Could you repeat the records below exactly, without the pictures?
═══ Source material
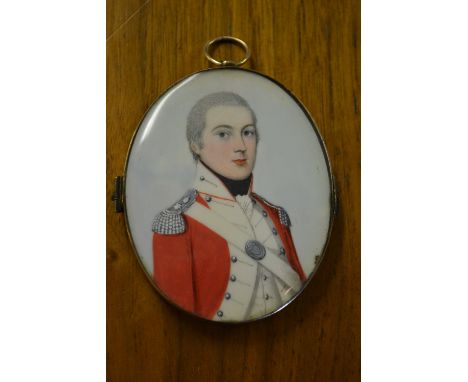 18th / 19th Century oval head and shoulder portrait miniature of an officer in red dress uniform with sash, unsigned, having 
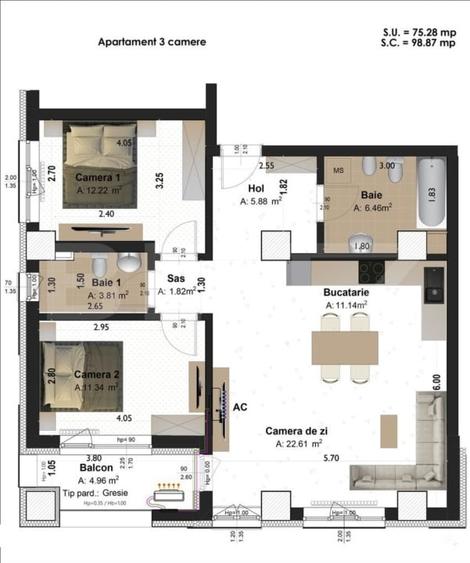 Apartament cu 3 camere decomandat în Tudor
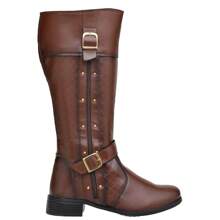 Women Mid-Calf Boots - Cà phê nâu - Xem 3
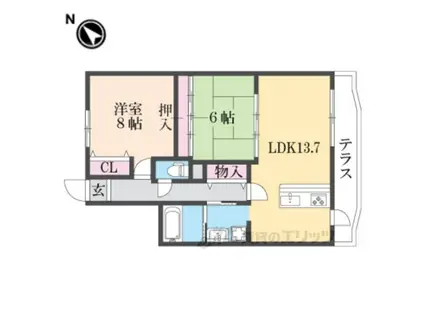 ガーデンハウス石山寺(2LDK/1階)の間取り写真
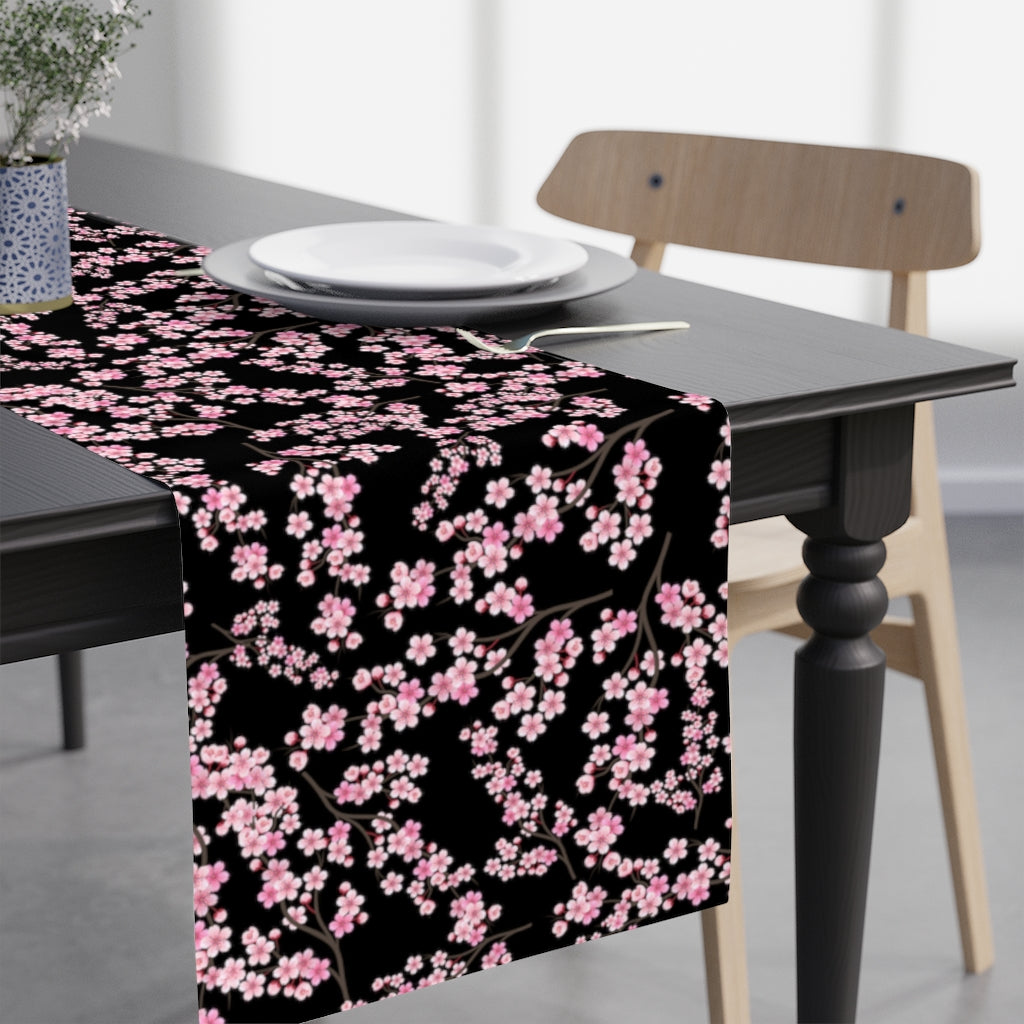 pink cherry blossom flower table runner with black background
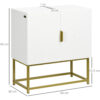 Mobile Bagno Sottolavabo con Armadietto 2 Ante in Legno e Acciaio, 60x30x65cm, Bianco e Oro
══════
# Solution to the exercise
 18th / 19th Century oval head and shoulder portrait miniature of an officer in red dress uniform with sash, unsigned, having 
 Apartament cu 3 camere decomandat în Tudor
 Women Mid-Calf Boots - Cà phê nâu - Xem 3
 ガーデンハウス石山寺(2LDK/1階)の間取り写真
 pink cherry blossom flower table runner with black background
 Mobile Bagno Sottolavabo con Armadietto 2 Ante in Legno e Acciaio, 60x30x65cm, Bianco e Oro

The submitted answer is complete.